Interestingly, youth are finding that the courts and other legal avenues provide another venue to reject a slow, incremental approach to addressing climate change and instead insist upon immediate action. The courts, at least in theory, are focused on legal rights – rather than political feasibility.
Climate change is increasingly affecting legal rights and it will affect an even wider range of legal rights over the lifetime of those who are currently children. The climate impacts of fossil fuels burnt today will cause temperature increases in 10 or 20 years time. If we are seeing bad forest fires and floods now, what will they be like in 2029, when my 10-year old son is 20?
Youth are effective litigants for at least one of the same reasons that they are effective public spokespeople for the climate movement – they put a human face on a problem that appears invisible now but will be far worse in the future.

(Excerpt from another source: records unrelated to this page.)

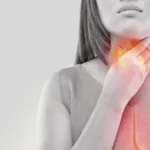 ¿Qué es la enfermedad por reflujo gastroesofágico?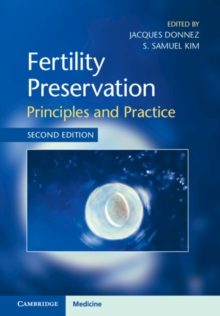 Fertility Preservation : Principles and Practice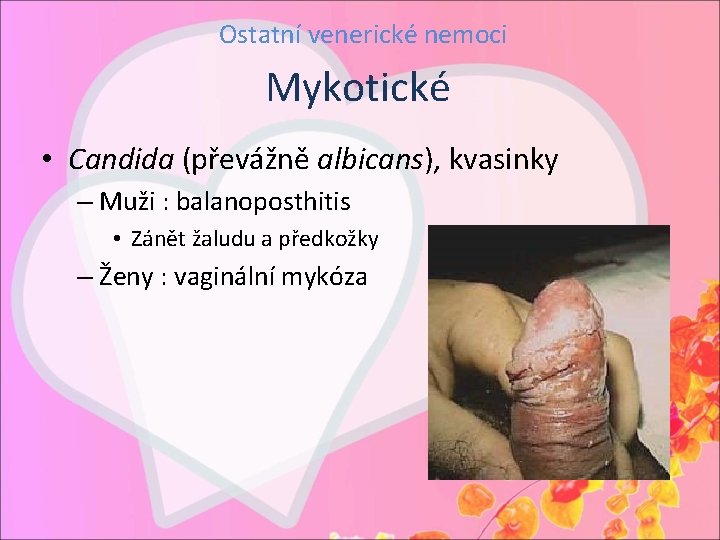 Ostatní venerické nemoci Mykotické • Candida (převážně albicans), kvasinky – Muži : balanoposthitis •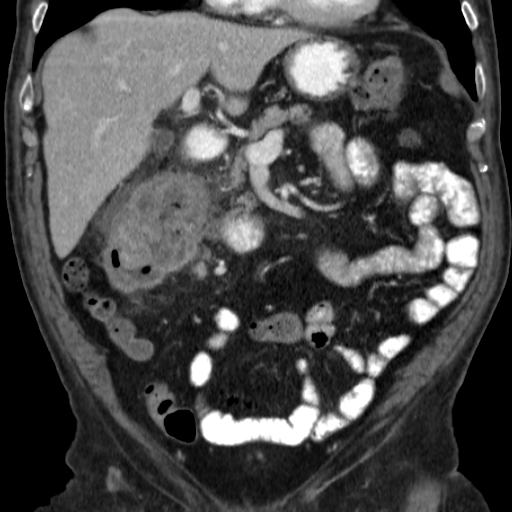 File:Colon cancer with duodenal invasion (Radiopaedia 16278-15958 B 23).jpg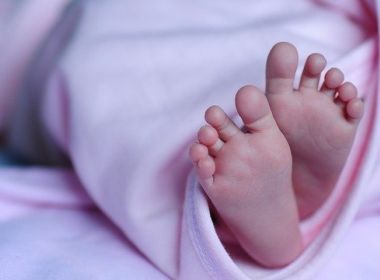 Bebê nasce sem rosto e parte do crânio e gera escândalo por negligência médica; entenda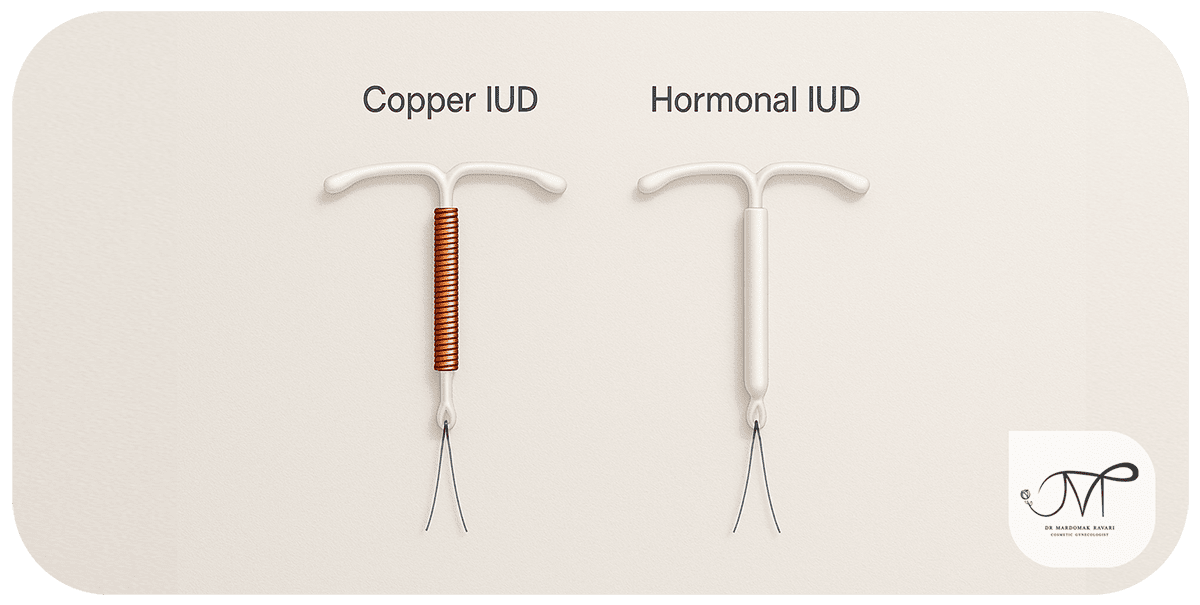 تفاوت IUD مسی و هورمونی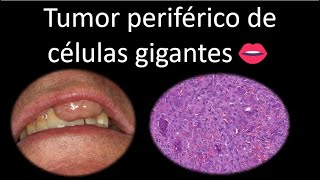 👄 Tumor periférico de células gigantes  Cavidad oral  Cabeza y Cuello  Patología [upl. by Brier683]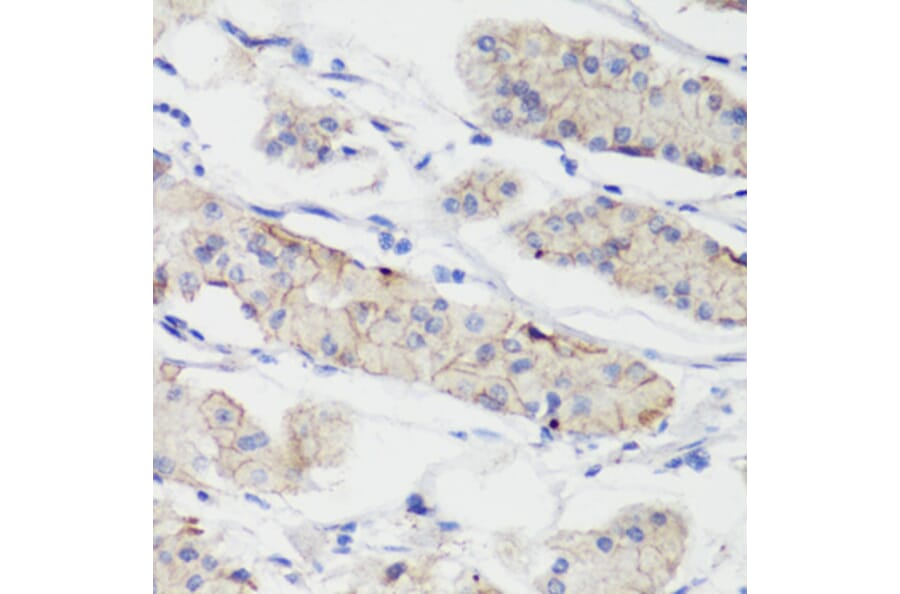 Immunohistochemistry - Anti-CTNNB1 Antibody (A2064) - Antibodies.com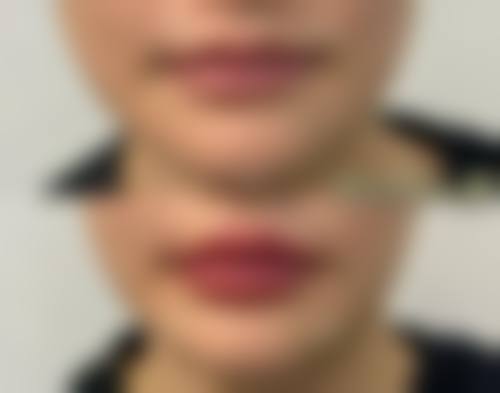 四、南京金之歆整形医院开展的主要项目和特色项目: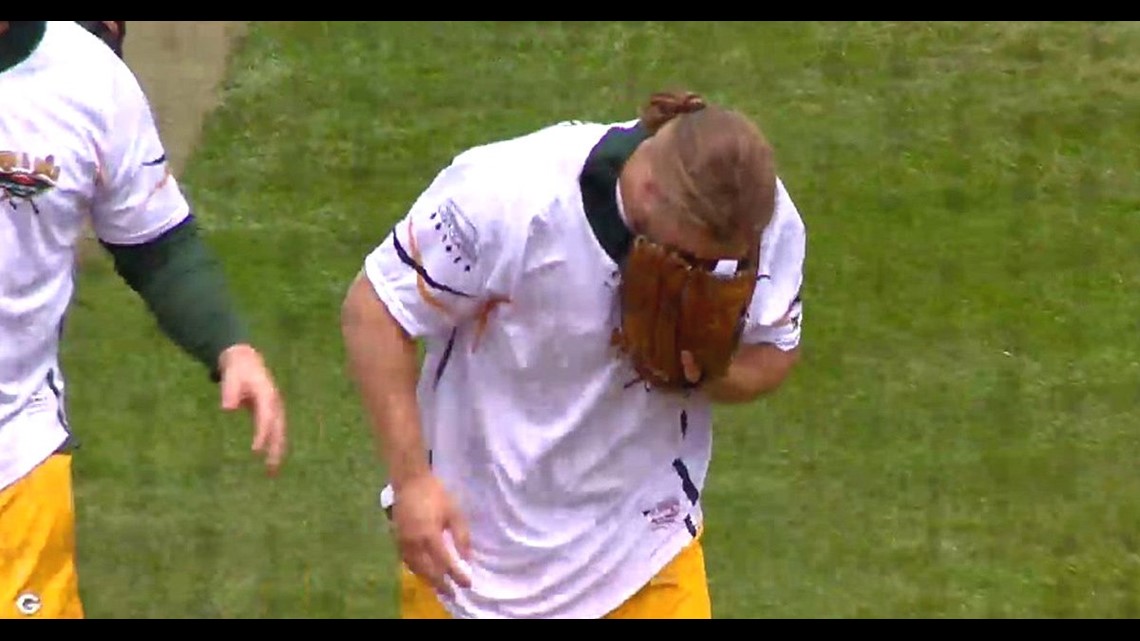 Green Bay Packers Clay Mathews takes line drive to face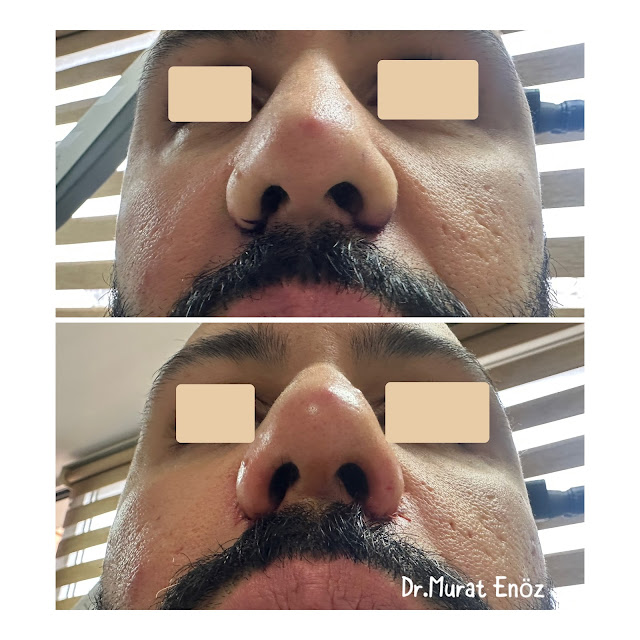 Nostril Reduction Surgery in Istanbul,Alar Base Resection,  Wide flaring nostrils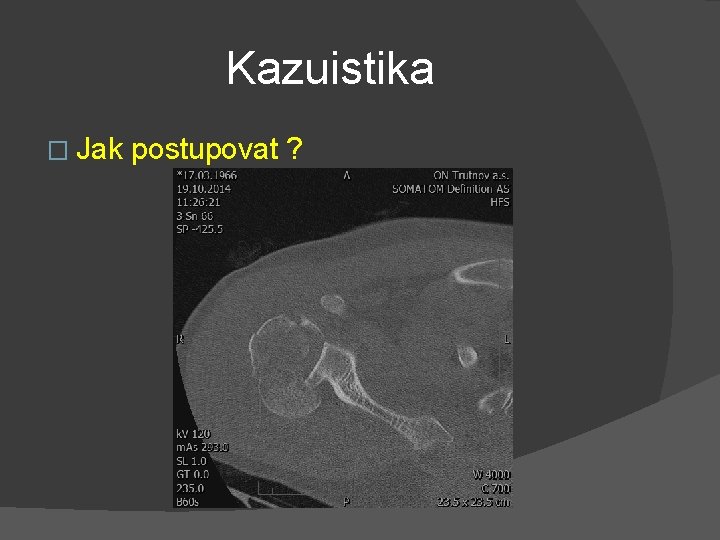 Kazuistika � Jak postupovat ? 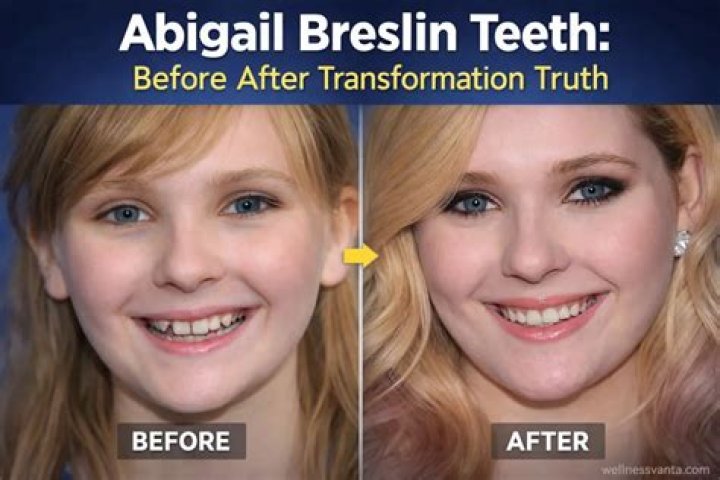 Unveiling The Truths Behind Abigail Breslin's "Bad Teeth": Discoveries And Insights
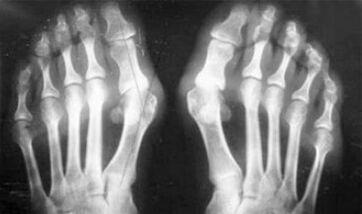Az ízületi gyulladás és ízületi tünetek differenciális diagnosztizálása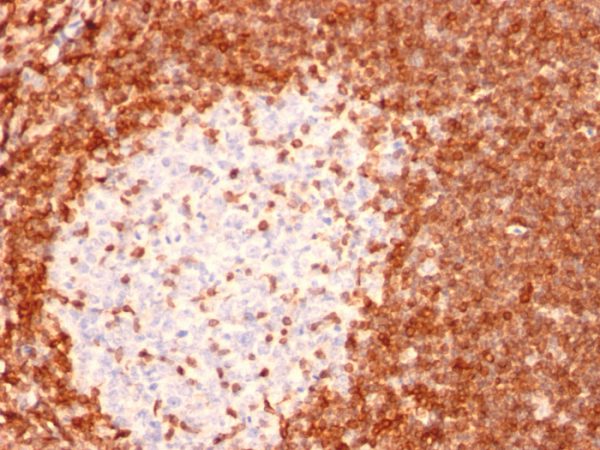 Formalin-fixed, paraffin-embedded human tonsil stained with Bcl-2 Mouse Monoclonal Antibody (8C8).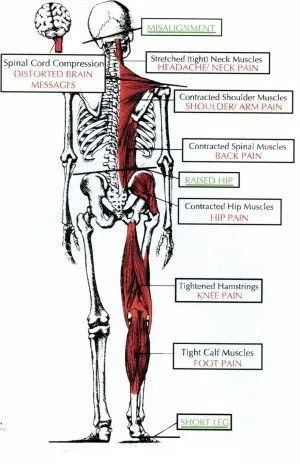 body_imbalance.jpg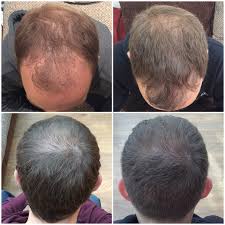 Capital hair and beauty norwich. Capital Hair Restoration Norwich
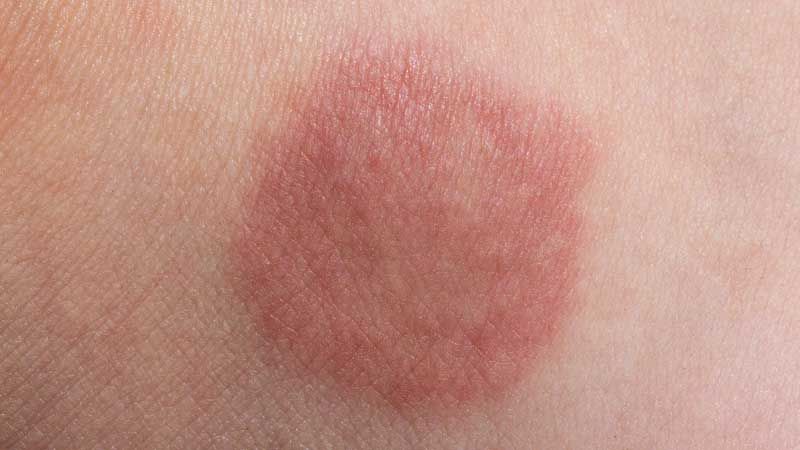 Jock Itch Cream and Treatments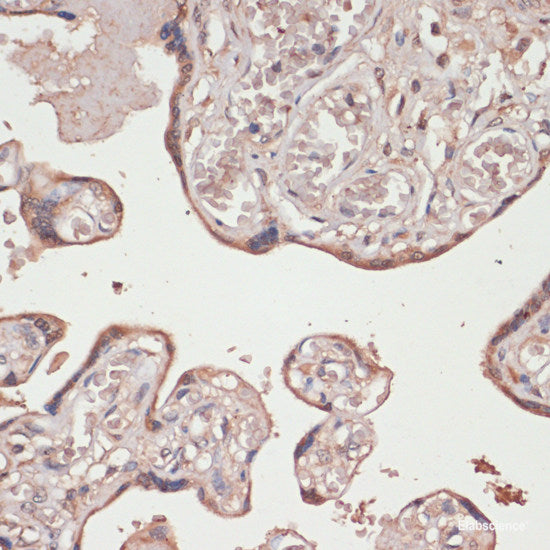 Immunohistochemistry of paraffin-embedded Human colon carcinoma using p53 Polyclonal Antibody at dilution of 1:200 (40x lens).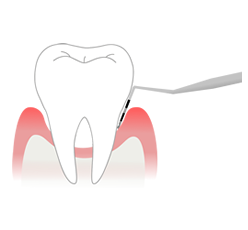 歯周ポケット検査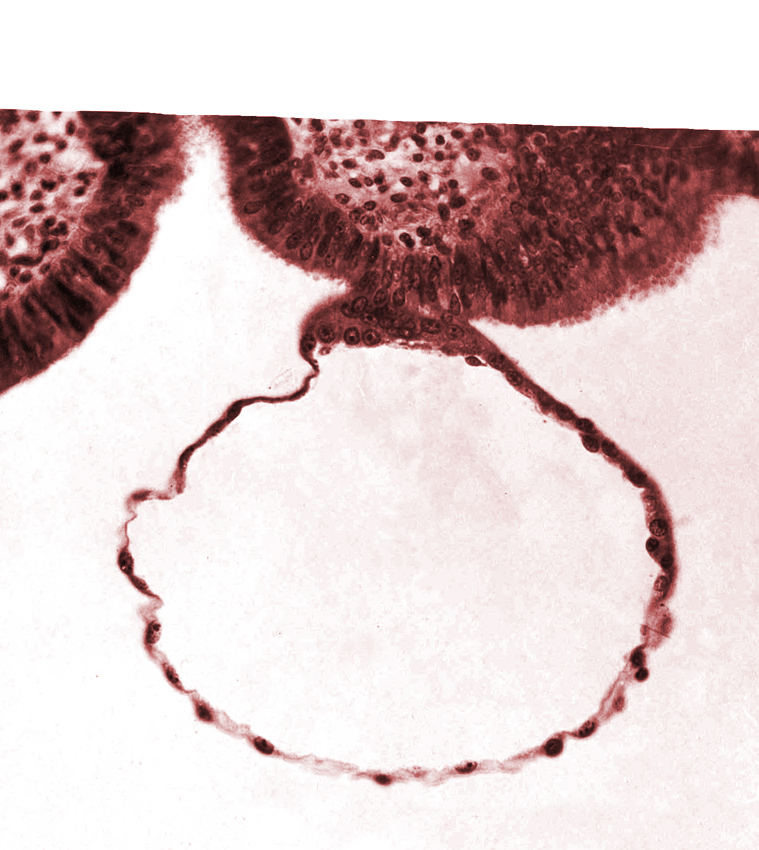 blastocystic cavity (blastocoele), contact area(s), mural trophoblast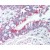 Lung, respiratory epithelium: Formalin-Fixed Paraffin-Embedded (FFPE)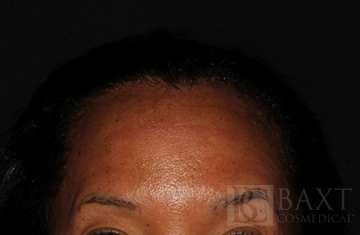 BOTOX® Cosmetic After - Paramus, NJ BOTOX® Cosmetic After - Paramus, NJ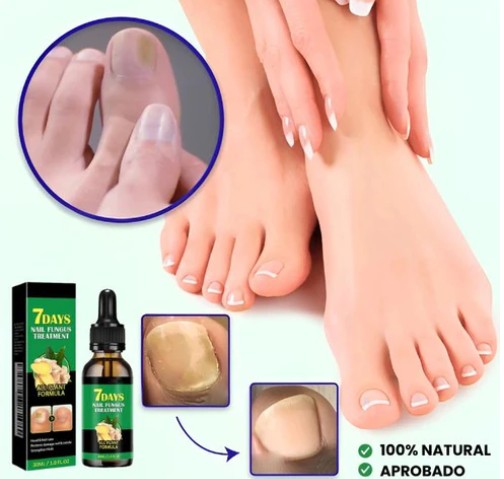 Gotas 7 días antihongos para pies™
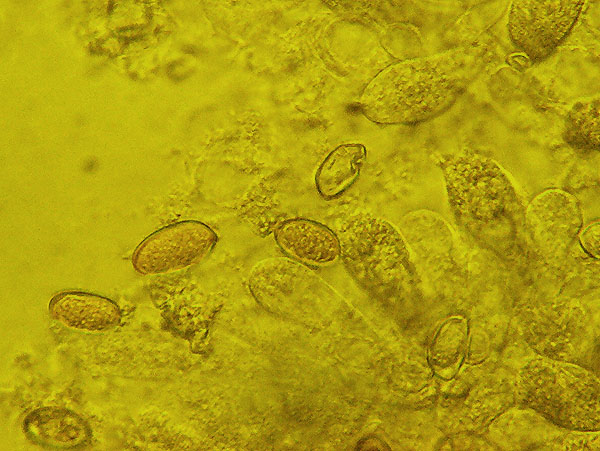 Il microscopio biologico invertito in micologia.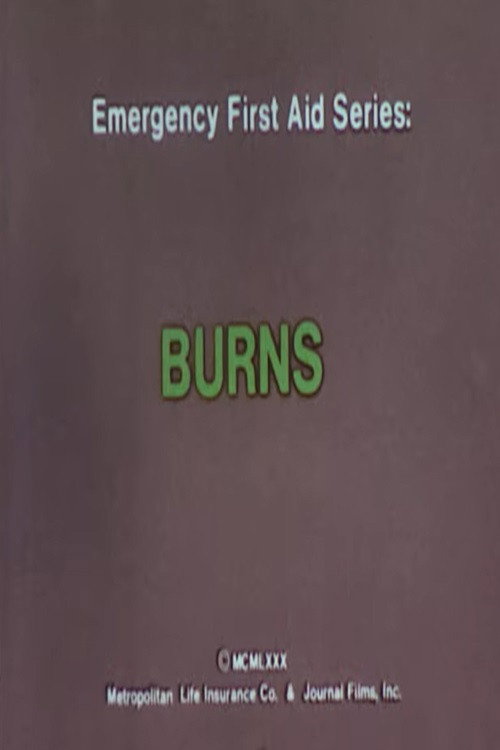Emergency First Aid Series: Burns official trailer poster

And so youth are expressing their fears and the risks to their lives in legal terms. Outside the courtroom they talk about how climate change is violating their rights to a safe future, to a healthy planet. Inside the courtroom, judges are hearing much the same arguments from their lawyers.
Future climate litigation
As long as governments delay aggressive climate action, youth are going to continue protesting both in the streets and in the courts. Our Children’s Trust, for one, has signaled that it is exploring further legal actions in Canada, writing that they are:
working with partner lawyers in Canada to assess the best legal avenues for Canadian youth to secure science-based climate recovery planning in Canada. We expect appropriate action will be filed in the near future.
It seems likely that Canada will see more legal challenges asking the courts to affirm that government policies encouraging fossil fuel development and consumption violate the rights of Canada’s youth.